Wednesday April 08, 2015

In recent days, Mike Pence, the governor of Indiana has given us a political analogy to Erwin Schrodinger's famous thought experiment in which he posited that there were situations in quantum mechanics where a cat could simultaneously be both alive and dead. In Pence's case, in the course of one week he both attacked as an unjust smear, the criticism that a bill he signed on religious freedom implicitly gave license to individuals and businesses to refuse customers if serving them violated their beliefs, and also demanded that the bill be "fixed" before the end of the week. Thus the bill in question was both perfect as it was, but also in urgent need of fixing. Call it quantum pandering.

These days Pence might prefer to be living in a world of quantum indeterminacy. In 1935, Schrodinger dreamed up his scenario in response to an interpretation of quantum mechanics in which various possible realities remained piled up upon one another -- "super-positioned" is the word physicists use -- until they were observed, at which point these many states would "collapse" into something definite. In Pence's case he was faced with the task of appeasing two core constituencies of the Republican Party: the Christian right who abhor gay marriage, and the business community, which doesn't want to alienate potential customers. The problem for Pence is that neither is a subatomic particle, and both want definite results, not the blurry miasma which politicians prefer to inhabit.

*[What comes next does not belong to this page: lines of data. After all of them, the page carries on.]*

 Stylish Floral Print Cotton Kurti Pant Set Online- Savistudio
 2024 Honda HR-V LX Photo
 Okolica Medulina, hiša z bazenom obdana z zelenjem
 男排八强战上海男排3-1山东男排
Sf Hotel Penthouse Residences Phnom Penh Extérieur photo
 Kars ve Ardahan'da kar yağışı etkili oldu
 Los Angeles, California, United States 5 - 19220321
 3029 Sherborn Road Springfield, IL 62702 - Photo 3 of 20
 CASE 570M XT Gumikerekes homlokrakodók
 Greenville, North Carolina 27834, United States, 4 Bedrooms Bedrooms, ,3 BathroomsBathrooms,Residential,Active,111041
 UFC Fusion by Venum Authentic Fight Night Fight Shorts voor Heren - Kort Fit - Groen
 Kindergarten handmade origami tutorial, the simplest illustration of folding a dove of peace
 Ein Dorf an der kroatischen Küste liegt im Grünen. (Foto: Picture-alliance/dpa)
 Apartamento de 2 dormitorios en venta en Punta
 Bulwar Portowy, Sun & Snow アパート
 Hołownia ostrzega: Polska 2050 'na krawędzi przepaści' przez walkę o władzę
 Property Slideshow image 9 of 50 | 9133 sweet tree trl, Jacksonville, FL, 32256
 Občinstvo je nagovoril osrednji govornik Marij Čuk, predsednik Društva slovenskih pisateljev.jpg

The difference between quantum pandering and the more familiar political syndrome of flip-flopping is the element of time. John Kerry could get away -- sort of -- with the phrase "I was for the war before I was against it" because people are allowed to change their minds. We enter the political equivalent of quantum reality when the two contradictory positions are near simultaneous. Flip-flopping, hardly more noble, usually represents a politician's craven recognition that a pander isn't working. Quantum pandering is not about the times changing, but rather the need to appease two irreconcilable points of view at the same time.

A near-heroic example of flip-flopping took place in 1961 when Robert Wagner ran for his third term for Mayor of New York City as a reform candidate, in essence running as an incumbent on a "throw the bums out platform." The bums in this instance, were the very political machine, the operatives of Tammany Hall, who had put him in office for his first two terms. Mitt Romney came closer to the quantum pander during the 2012 campaign when he both defended the health care plan he championed in Massachusetts and attacked Obamacare, which was based on that very plan.

The Pence drama is but a warm up to the 2016 presidential election, which promises a rich smorgasbord of quantum panders. How will the Democrats tap into anger at wealth inequality and the impunity of the banks without alienating the deep pockets of Wall Street? Will Rand Paul find himself caught between the libertarian abhorrence of foreign adventures and Republican allegiance to defense spending; or rights of privacy and government surveillance? For those planning to keep score at home, a flip flop becomes a quantum pander when it occurs within the same week, as politics works operates slightly longer timescales than quantum mechanics. Do you agree Dr. Schrodinger?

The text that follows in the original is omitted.